Citizenship by Investment Programs of the Caribbean are under the threat no matter how hard they work on the procedure. Feels like nobody is ready to listen to the arguments including EU.
On 18th of March 2022 the creation of a regional Citizenship by Investment Program (CIP) regulatory body has been proposed by Cabinet of Antigua and Barbuda. This development follows the announcement by the European Union (EU) last Wednesday that it is considering removing visa-free travel to the Schengen Area from countries that currently have CIPs.
Cabinet spokesperson Melford Nicholas believes a regional response addressing the EU’s CIP concerns would signify compliance, and disclosed that Ambassador Colin Murdoch is currently in Geneva assisting the process with the European Union on this particular matter.
“It will be a response to the issues they have raised and it will be to demonstrate, over and above anything else, our intent to be compliant and sympathetic to issues that they may raise in terms of their own internal security,” Nicholas said during this week’s post-Cabinet press briefing.
“We can diversify our own offering to ensure that we will still be attractive to investors and investment from other jurisdictions where they may be precluded from obtaining citizenship, but they may well look favorably upon the residency program,” he said.

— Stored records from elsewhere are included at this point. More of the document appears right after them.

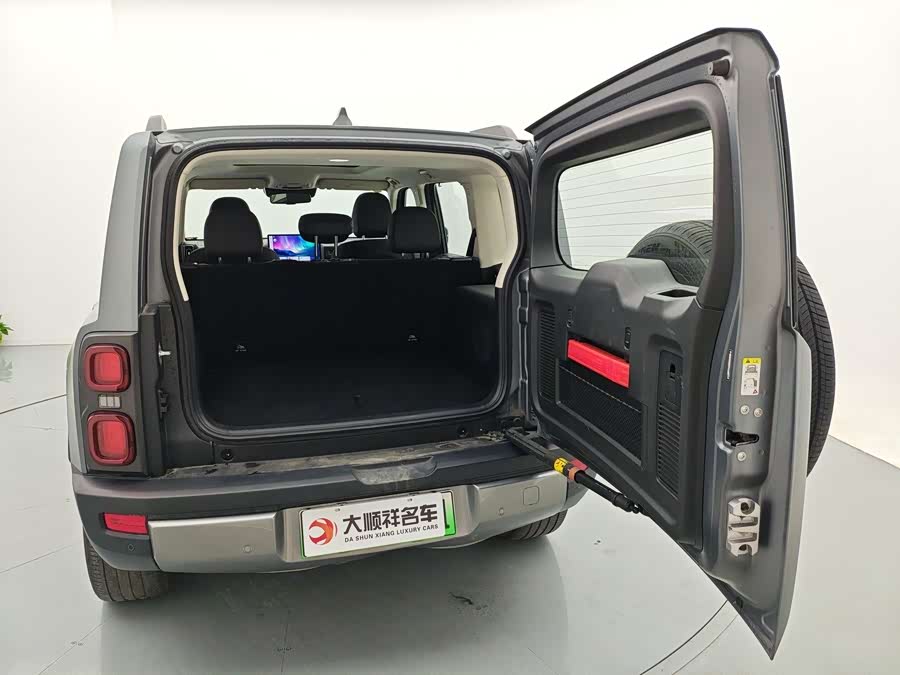 Haval Raptor New Energy 2025 car image #20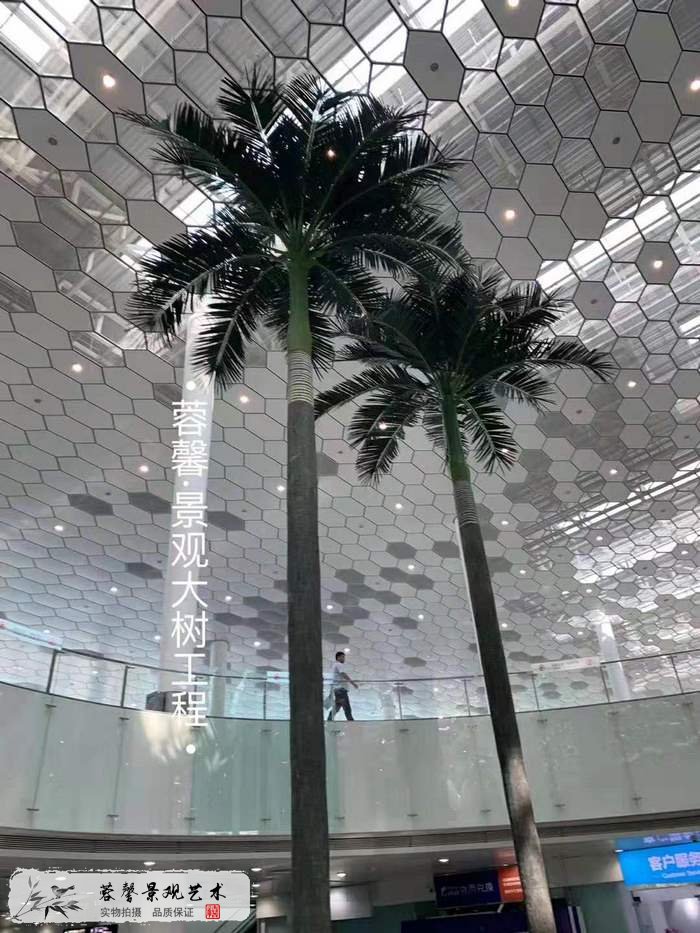 機場仿真椰子樹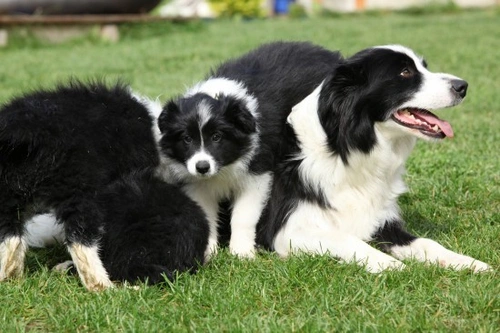 The Different Stages of a Puppy's Imprinting Process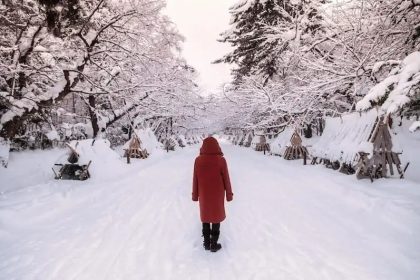 Traveling in Snow Country | What My Trip to Akita Taught Me 5 Hirosaki Castle Park Covered in Snow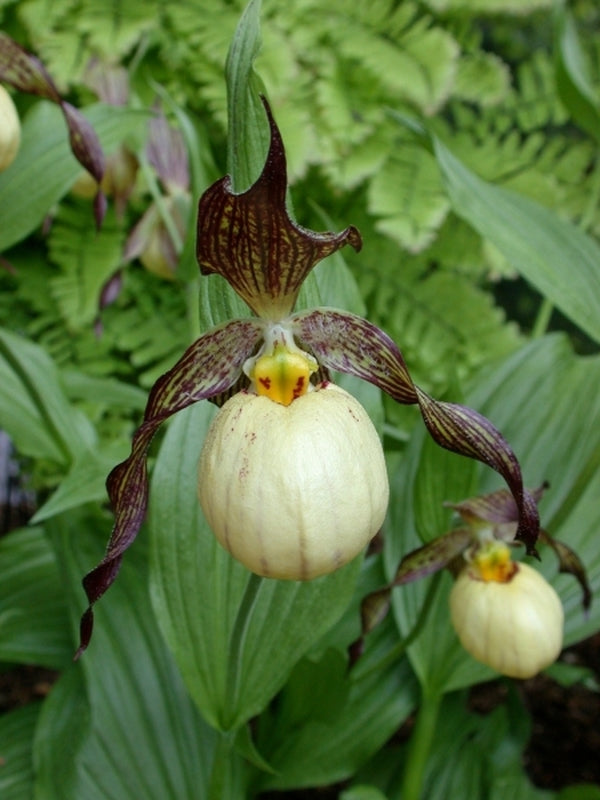 Image of Cypripedium 'Inge'taken at Weinert Gdn, Germany by M. Weinert
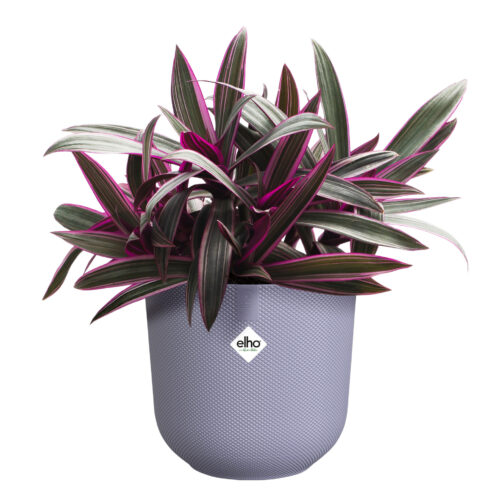 Obal Jazz - lavender lilac 16 cm - Obrázek 2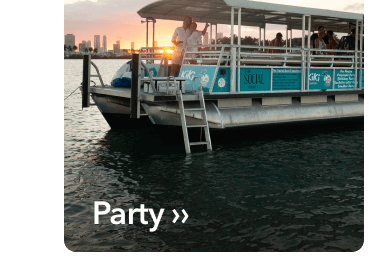Party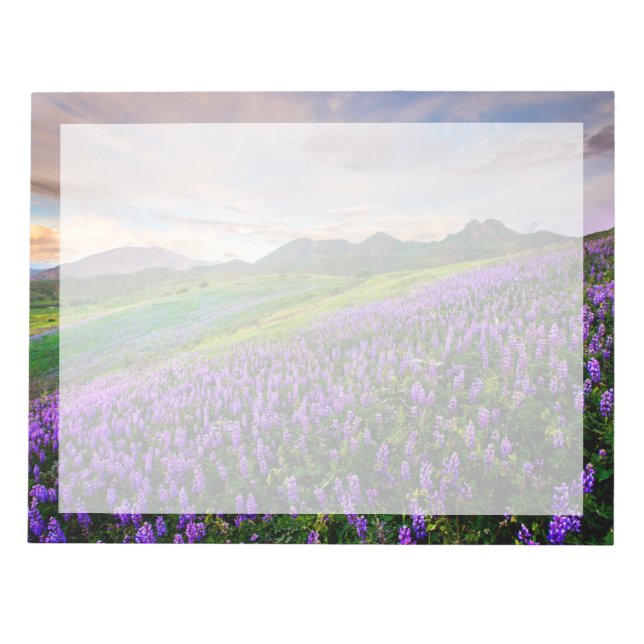 Blommor | Kalifornien Wildblommor Anteckningsblock (Framsida)
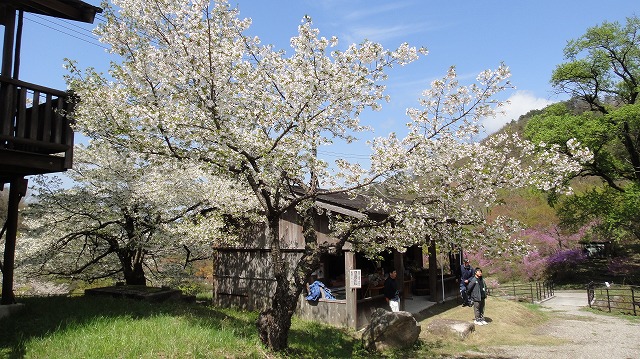 大島桜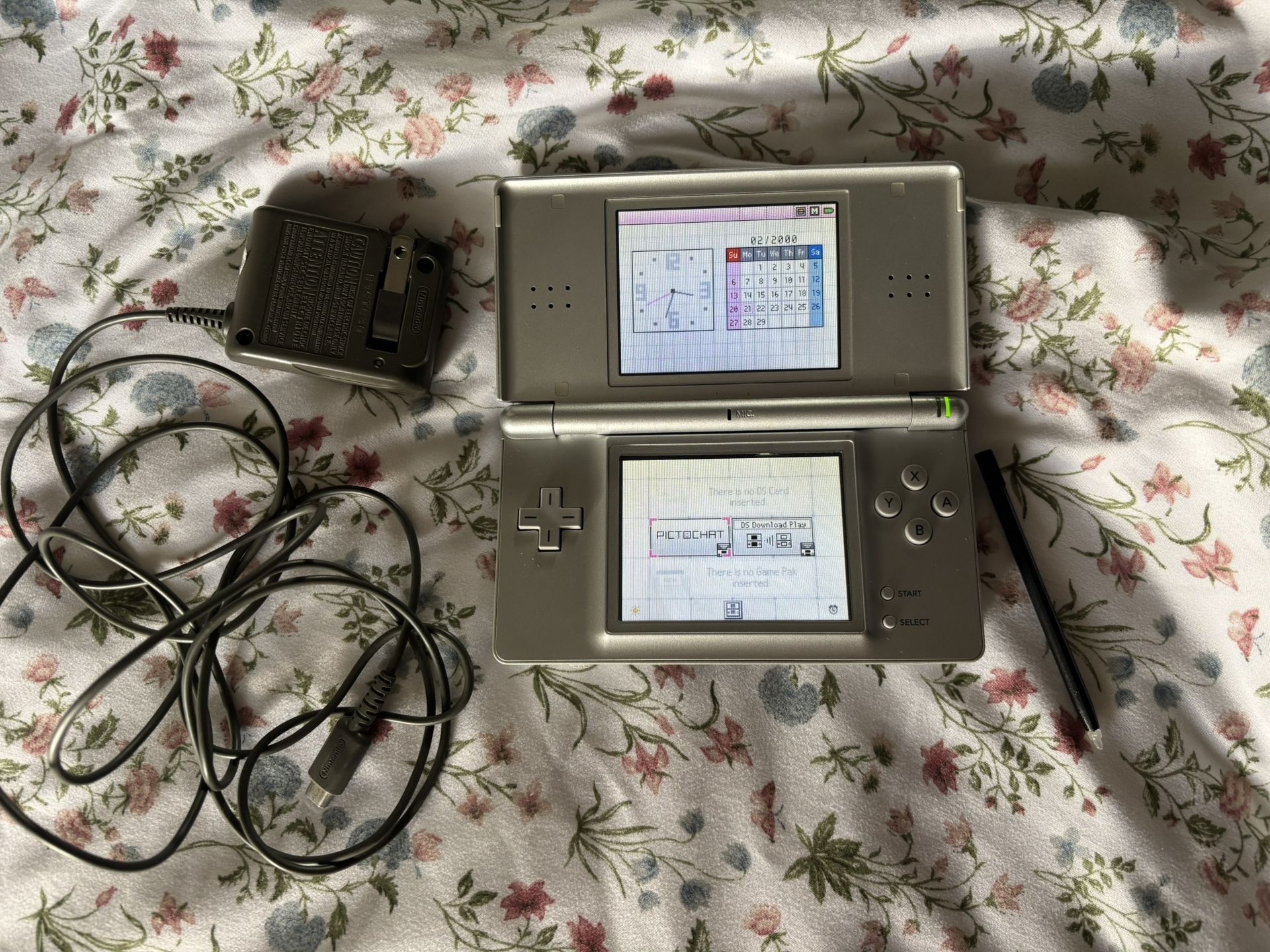 Nintendo DS Lite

The spokesmen’s comments refer to the recent bevy of statements in the European Parliament painting citizenship by investment programs as a “backdoor to Europe” and potential security/money laundering risk, despite the exhaustive due diligence checks (and the relatively small number of participants) in these programs.
Meanwhile, the government is looking to widen Antigua and Barbuda’s CIP portfolio to increase the likelihood of investors seizing the opportunity to live in a country that offers several physical and mental health benefits while possibly working abroad as digital nomads.
Earlier this week, Antiguan prime minister Gastone Browne indicated Caribbean citizenship by Investment jurisdiction were being pressures to choose between either keeping their CBI programs or their visa-free access to Schengen, which prompted him to write letters to the EU parliamentarians and US congressmen to underscore the economically crucial role CIPs play in the region.
Note that in 2020, while both the European Commission and the European Parliament went to some length to characterize the stream of less-than-a-thousand individuals naturalized annually in the EU though citizenship by investment programs as a surreptitious menace, while simultaneously granting citizenships to 729,013 third-country nationals (like Marocco, Syria, Albania) in 2020, employing far less stringent background checks than those used with CIP’s.